(Beginning of EXTRACTED INFORMATION)

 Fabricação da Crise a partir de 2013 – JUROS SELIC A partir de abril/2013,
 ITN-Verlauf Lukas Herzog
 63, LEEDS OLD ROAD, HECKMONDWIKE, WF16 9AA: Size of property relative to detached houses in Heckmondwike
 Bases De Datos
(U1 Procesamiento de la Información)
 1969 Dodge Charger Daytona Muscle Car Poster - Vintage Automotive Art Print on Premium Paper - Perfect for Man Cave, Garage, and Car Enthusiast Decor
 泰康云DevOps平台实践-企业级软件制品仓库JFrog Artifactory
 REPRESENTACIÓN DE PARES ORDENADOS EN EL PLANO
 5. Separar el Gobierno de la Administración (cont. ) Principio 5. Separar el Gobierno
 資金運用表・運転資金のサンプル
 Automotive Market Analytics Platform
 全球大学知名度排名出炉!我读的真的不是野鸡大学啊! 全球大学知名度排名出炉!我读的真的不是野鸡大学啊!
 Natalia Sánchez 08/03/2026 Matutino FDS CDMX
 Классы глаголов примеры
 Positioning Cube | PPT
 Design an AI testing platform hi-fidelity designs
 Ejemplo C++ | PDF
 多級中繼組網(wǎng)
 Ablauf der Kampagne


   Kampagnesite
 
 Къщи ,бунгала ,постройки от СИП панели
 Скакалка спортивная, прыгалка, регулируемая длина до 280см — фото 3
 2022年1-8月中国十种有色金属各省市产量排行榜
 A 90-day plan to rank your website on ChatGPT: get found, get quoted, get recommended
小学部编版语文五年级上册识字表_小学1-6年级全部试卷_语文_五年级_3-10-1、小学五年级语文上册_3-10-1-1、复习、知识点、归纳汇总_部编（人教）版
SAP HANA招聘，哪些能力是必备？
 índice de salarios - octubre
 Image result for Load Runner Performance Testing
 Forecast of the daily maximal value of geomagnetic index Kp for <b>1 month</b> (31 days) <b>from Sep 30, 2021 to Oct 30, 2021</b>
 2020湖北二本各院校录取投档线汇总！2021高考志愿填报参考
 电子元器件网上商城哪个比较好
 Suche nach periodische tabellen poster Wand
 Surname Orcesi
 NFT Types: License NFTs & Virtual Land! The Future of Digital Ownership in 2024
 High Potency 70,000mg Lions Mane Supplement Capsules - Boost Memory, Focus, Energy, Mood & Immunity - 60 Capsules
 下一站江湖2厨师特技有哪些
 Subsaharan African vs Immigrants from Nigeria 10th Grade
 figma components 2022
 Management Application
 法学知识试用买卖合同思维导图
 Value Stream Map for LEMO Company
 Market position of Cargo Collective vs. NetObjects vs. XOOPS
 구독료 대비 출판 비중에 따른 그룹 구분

(End of EXTRACTED INFORMATION)

* **WORK INSTRUCTIONS**: This exercise asks for an exact repeat of the lines from the one holding "High Potency 70,000mg" through the end of the data above.

* **YOUR RESPONSE**:
 High Potency 70,000mg Lions Mane Supplement Capsules - Boost Memory, Focus, Energy, Mood & Immunity - 60 Capsules
 下一站江湖2厨师特技有哪些
 Subsaharan African vs Immigrants from Nigeria 10th Grade
 figma components 2022
 Management Application
 法学知识试用买卖合同思维导图
 Value Stream Map for LEMO Company
 Market position of Cargo Collective vs. NetObjects vs. XOOPS
 구독료 대비 출판 비중에 따른 그룹 구분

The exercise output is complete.